While taxiing to the runway, the pilot once again radioed ATCS for the weather. It was now reported as: ceiling 3,000 feet (914 meters), sky obscured, visibility 6 miles (10 kilometers) in light snow, and wind gusting 20 to 30 knots (10 to 15 meters per second).

After a normal takeoff, the airplane climbed to approximately 800 feet (244 meters) and made a left 180° turn. It passed the airport heading northwest.

The charter service’s owner, Hubert Dwyer, watched the departure from the airport’s tower. He was able to see the airplane’s navigation lights until it was about five miles (8 kilometers) away, then it slowly descended out of sight.

When Peterson activated his flight plan by radio after taking off, as was expected, Dwyer asked the ATCS to try to contact him. No contact was established. The airplane and its passengers never arrived at the destination.

After sunrise, Dwyer began an air search for the missing airplane. At 09:35 a.m., he located the crashed airplane in a farm field approximately 5 miles northwest of the airport. The airplane was destroyed and all four occupants were dead. There was about 4 inches (10 centimeters) of snow on the ground.

Roger Arthur Peterson

The pilot, Roger A. Peterson, was 21 years old and had been issued a commercial pilot’s certificate with an airplane–single-engine land rating, in April 1958. He was also a certified flight instructor. He had flown 711 flight hours during the nearly five years he had been flying. He had worked for Dwyer for a year.

Peterson had acquired 52 hours of instrument flight training and had passed the written test for the rating, but had failed an instrument flight check the previous year. He had 128 hours in the airplane type, but none of his instrument flight training had been in this aircraft.

Peterson was born at Alta, Iowa, 24 May 1937. He was the first of four children of Arthur Erland Peterson, a farmer, and Pearl I. Kraemer Peterson.
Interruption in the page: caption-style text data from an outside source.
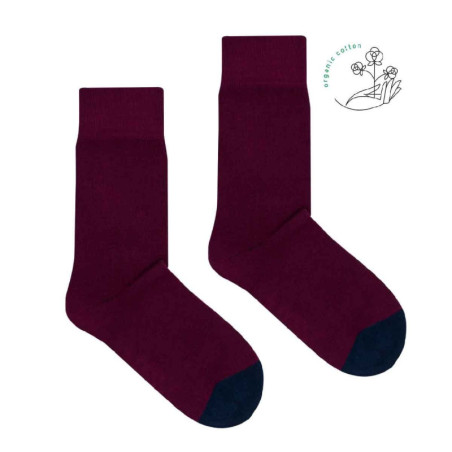 Burgundy socks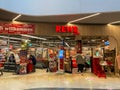 View on store front of Rewe city market in german shopping mall Royalty Free Stock Photo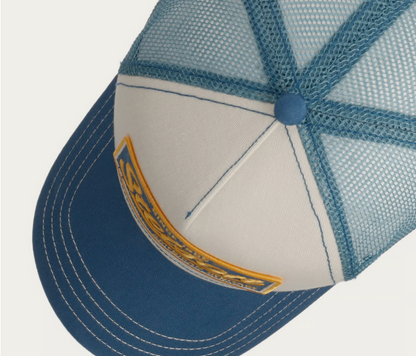Casquette Trucker Stetson American Heritage Bleu Vintage | Un Barbu et Une Blonde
He attended Fairview Consolidated School and graduated in 1954. Peterson married Miss DeAnn Lenz, a former classmate, at the Saint Paul Lutheran Church in Alta, 14 September 1958.

Roger Arthur Peterson is buried at the Buena Vista Memorial Cemetery, Storm Lake, Iowa.

N3794N was well-equipped for instrument flight. The attitude indicator, a Sperry Gyroscope Company, Inc., F-3 Attitude Gyro, however, displayed pitch attitude in a way that was different than the indicators used in the airplanes in which Peterson had taken instrument flight instruction.

This magazine advertisement depicts the Sperry F-3 Attitude Gyro. (Vintage Ad Service)
This contemporary magazine advertisement depicts the Sperry F-3 Attitude Gyro. (Vintage Ad Service)

The Civil Aeronautics Board (predecessor of the Federal Aviation Administration) investigated the accident. There was no indication of an engine malfunction or of structural failure of the aircraft.

Investigators concluded that as Peterson flew away from the airport he entered an area of total darkness, unable to see anything which would give him a visual cue of the airplane’s flight attitude. The unfamiliar attitude indicator may have confused him. He quickly became spatially disoriented and lost control of the Bonanza.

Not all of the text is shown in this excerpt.